● **INPUT MATERIAL**:
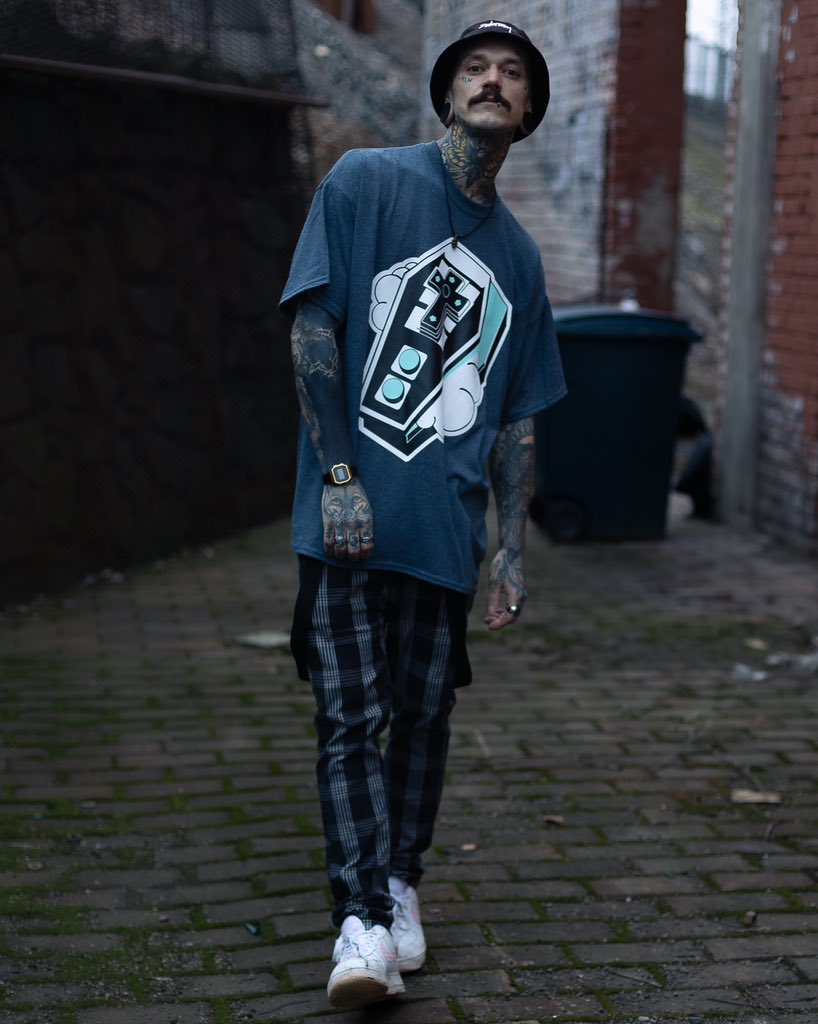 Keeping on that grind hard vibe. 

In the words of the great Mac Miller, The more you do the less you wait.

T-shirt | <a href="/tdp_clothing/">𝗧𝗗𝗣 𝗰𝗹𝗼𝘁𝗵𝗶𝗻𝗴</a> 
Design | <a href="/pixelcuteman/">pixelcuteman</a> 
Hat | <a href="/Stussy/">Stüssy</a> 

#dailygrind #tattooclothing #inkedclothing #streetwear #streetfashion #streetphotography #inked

---

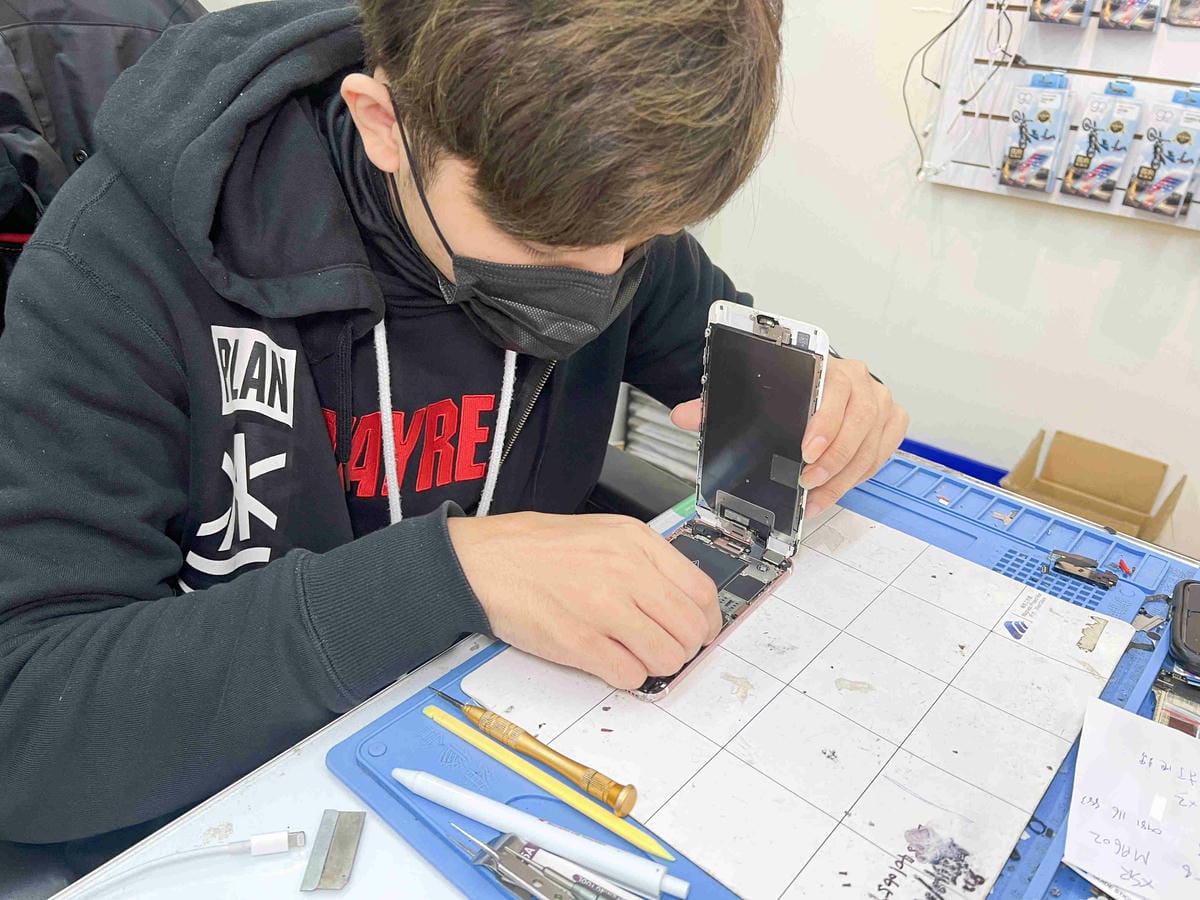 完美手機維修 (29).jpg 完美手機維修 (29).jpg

● **PROBLEM TO SOLVE**:
Your task is to transcribe, with no changes, only the lines of the listing above that lie between the line holding "Design | <a" and the line holding "#dailygrind #tattooclothing #inkedclothing", inclusive.

● **COMPLETED TASK**:
Design | <a href="/pixelcuteman/">pixelcuteman</a> 
Hat | <a href="/Stussy/">Stüssy</a> 

#dailygrind #tattooclothing #inkedclothing #streetwear #streetfashion #streetphotography #inked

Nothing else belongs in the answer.